È tardi ma non è troppo tardi

Telmo Pievani intervista David Quammen su sul nuovo libro Il cuore selvaggio della natura

La natura selvaggia ha un cuore che batte ancora ma, affinché continui a farlo in un futuro anche prossimo, dobbiamo garantirgli spazio, dinamicità e la possibilità di preservare la biodiversità. A proporre soluzioni e a raccontare esperimenti in corso, il saggista e divulgatore scientifico David Quammen in dialogo con il filosofo Telmo Pievani. «Siamo ormai conosciuti come il David and Telmo Show», ironizza Pievani, prima di avventurarsi in una lunga chiacchierata con lo scrittore di Spillover (Adelphi, 2014).

David Quammen, avventuriero audace e scanzonato, arriva a Festivaletteratura per presentare Il cuore selvaggio della natura (Adelphi, 2024), una raccolta dei più memorabili reportage scritti e pubblicati durante la collaborazione ventennale con il mensile National Geographic che spaziano dal Sud America all’Artico, dalla Kamčatka al Congo. Alcune regioni di questa esplorazione sono già note ai lettori abituali di Quammen, mentre altri sono del tutto nuovi. Attraversando fiumi, sentieri e fitte foreste, l’autore incontra nuovi ed entusiasmanti tentativi di coesistenza fra comunità locali e natura. Ci sono voluti decenni affinché l'opinione pubblica maturasse una certa consapevolezza circa l’importanza di queste forme di coabitazione.

«Quando Yellowstone fu dichiarato Parco Nazionale, per anni fu comunque permesso ai Ranger di praticare la caccia di animali predatori, come puma o uccelli rapaci, con la giustificazione che fosse necessario regolare il numero di questi esemplari al fine di preservare un certo equilibrio generale e, al tempo stesso, proteggere le specie considerate deboli. Nel frattempo, le comunità native che avevano sempre abitato il territorio venivano allontanate. C’è voluto del tempo prima che la comunità internazionale comprendesse l’importanza di far coesistere comunità locali e natura». dichiara Quammen.

La conoscenza delle peculiarità di ciascuna area sono la ragione principale per cui i popoli nativi dovrebbero essere coinvolti e messi alla guida di questi progetti, volti a favorire la convivenza e il benessere di tutte le popolazioni, sia essa quella umana o animale. Un esempio virtuoso riportato da Quammen è quello del Gorongosa National Park in Mozambico.
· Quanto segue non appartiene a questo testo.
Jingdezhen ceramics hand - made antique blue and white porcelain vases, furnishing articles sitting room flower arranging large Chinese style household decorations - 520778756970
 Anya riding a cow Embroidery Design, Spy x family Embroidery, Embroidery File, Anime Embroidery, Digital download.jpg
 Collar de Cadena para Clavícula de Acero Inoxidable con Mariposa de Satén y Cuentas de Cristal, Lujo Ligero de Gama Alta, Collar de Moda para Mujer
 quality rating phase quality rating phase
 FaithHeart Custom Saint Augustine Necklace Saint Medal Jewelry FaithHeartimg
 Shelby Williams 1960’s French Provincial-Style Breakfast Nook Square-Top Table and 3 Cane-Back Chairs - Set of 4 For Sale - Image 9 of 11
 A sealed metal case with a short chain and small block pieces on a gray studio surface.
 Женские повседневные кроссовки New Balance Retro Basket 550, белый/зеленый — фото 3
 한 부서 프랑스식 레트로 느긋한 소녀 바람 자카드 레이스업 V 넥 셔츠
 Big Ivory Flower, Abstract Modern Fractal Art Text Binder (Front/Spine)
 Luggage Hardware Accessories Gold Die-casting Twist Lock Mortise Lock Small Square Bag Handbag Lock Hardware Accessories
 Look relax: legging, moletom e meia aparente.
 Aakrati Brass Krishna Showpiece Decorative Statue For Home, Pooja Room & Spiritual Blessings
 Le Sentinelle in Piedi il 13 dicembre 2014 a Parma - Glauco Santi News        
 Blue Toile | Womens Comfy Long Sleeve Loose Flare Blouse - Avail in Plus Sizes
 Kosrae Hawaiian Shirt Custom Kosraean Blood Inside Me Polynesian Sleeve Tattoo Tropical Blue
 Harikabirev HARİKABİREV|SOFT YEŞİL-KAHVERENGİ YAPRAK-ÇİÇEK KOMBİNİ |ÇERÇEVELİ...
«Dopo che il paese ha raggiunto l’indipendenza dal Portogallo, è esplosa una violentissima guerra civile durata 17 lunghi anni che ha devastato il territorio e la popolazione civile. Le scelte del Presidente mozambicano Chissano alla fine del conflitto e l’intervento di un’importante fondazione americana, la Gregory Carr Foundation, ha permesso di ripristinare lo stato dei luoghi e trasformare l’area di Gorongosa in un perfetto esempio di ciò che è possibile fare per far convivere uomo e natura. Le stesse persone che un tempo sfruttavano il parco oggi lo difendono».

Esistono ancora, però, realtà drammatiche, laddove il turismo di massa o lo sfruttamento indiscriminato dell’ambiente portano la natura a ribellarsi all’uomo anche nei modi più disperati e drammatici. Un esempio può essere l’Uganda che in alcune aree ha visto diminuire drasticamente lo spazio destinato agli scimpanzé che, privati di cibo sufficiente, escono dalle verdi vallate e raggiungono i campi coltivati, arrivando a rapire e uccidere bambini per cibarsene.

«Ci sono poi anche posti che dovremmo proprio lasciare in pace», dichiara Quammen in conclusione, seguito da un lungo e fragoroso applauso. Luoghi troppo delicati per resistere anche ad un minimo passaggio dell’uomo. Il bilancio del divulgatore nel complesso è più positivo che negativo: «siamo ancora in tempo per salvare il cuore selvaggio della natura. Possiamo evitare il peggio ma dobbiamo essere in grado di controllare i consumi sfrenati, tra deforestazione e overtourism, totalmente incompatibili con la vita animale. Possiamo farcela, ma dobbiamo metterci al lavoro subito.